The sun comes creeping over the city skyline. Its the early hours of the morning but already I can feel the force of the heat. Sure enough, I check the weather forecast for today and its expected to be in the 40s. This is great news to me as I have nothing for my day planned except for my attendence at the most highly anticipated music festival so far this year.
The Temper Trap. Muse. Dizzee Rascal. Passion Pit. Ladyhawke. Calvin Harris. Powderfinger. Girl Talk. Am I listing the days line up or scrolling through my Ipod? All I know is that I cannot wait for the day to begin.
I've got to finish work first. Foolishly I decided to cover the overnight shift and then go straight to the festival from there. Adrenaline will fuel me, I assured myself. Maybe that, and a little chemical assistance. Does that shock you? It needn't.
Yes, I am an occasional drug taker. I indulge every now and again, to make a situation more fun, to make people seem more interesting, to make myself a little wilder. As long as I never cross that line where I NEED to escape from reality, I think it harms no one. Altering reality is fine.
So begins my day of fun. It helps I have two willing partners in crime who match me in action, from lines to outfits and spritzing of perfume. We dont often hang out, but when situations like this arise, we fit together like a perfectly molded jigsaw. Sometimes the picture aint so pretty though.
By now its late morning and the heat is drilling onto us with a ferocity that is only just bearable. Im glad its this rather than raining though - Glastonbury it is not.
My heart is racing all day though, and its not just from the drugs or the millions of drug dogs and police around. The male outfit of choice seems to be checked shorts, a white singlet and a fedora of some type. This is exactly what my ex chose to wear almost every day. So all around me I see him. Lining up at the bar. Walking towards a stall. Throwing his head back with laughter. Dancing along to a song i know he loves.
Of course I know its not him. The hair colour is wrong. The shoulders are not wide enough. The smile, although sometimes welcoming and daring, is never his. But for a tiny second, I see him in everyone that walks past.
Then of course, it happens. Dancing away to the maestro that is Calvin Harris, I see the back of a head. I would recognise those shoulders, that dance move, that uninhibited smile anywhere. It IS him. And I feel like I need to throw up.

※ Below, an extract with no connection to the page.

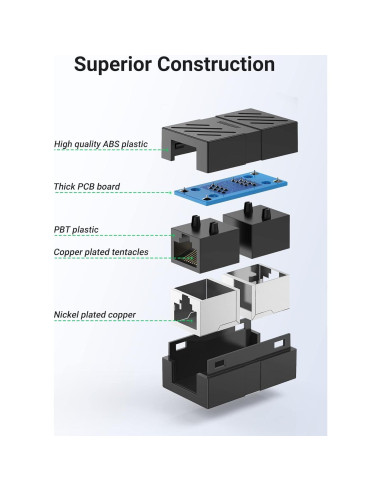 UGREEN Acoplador RJ45 Extensor Ethernet Femenino a Femenino - Paquete de 10 - Cat7/Cat6/Cat5e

I stand stock still for what seems like forever. Then realising my friends are looking at me in a concerned manner, I tell them I'll be right back and disappear a little ways into the crowd. From this vantage point I'm free to stare at him and take it all in. It takes every fibre of my being to not run towards him and bury my face into his neck and cry. It really does. I want to touch him so badly I can feel a physical pain in my chest.
Luckily there is pain. Something stopped me from running over to him. The memory of the pain he has caused me, I have caused him. And so in the midst of thousands of gleeful dancers under pulsating lights and writhing bodies - somewhere deep down inside me, I take my first baby step towards letting him go.
Thats not to say when i returned to my friends it still wasnt burning in my mind. So I danced with forced gusto, I laughed a little hysterically when something was shouted towards my ear, I cast covert glances towards him, only a few desperate feet away. It would have been so easy to walk down that path.
But this is the path he has chosen to take, and so I must walk down another.
Scratch that - i refuse to walk. No one ever said I wasnt allowed to dance my way down that path. So dance I did. And shall continue to do.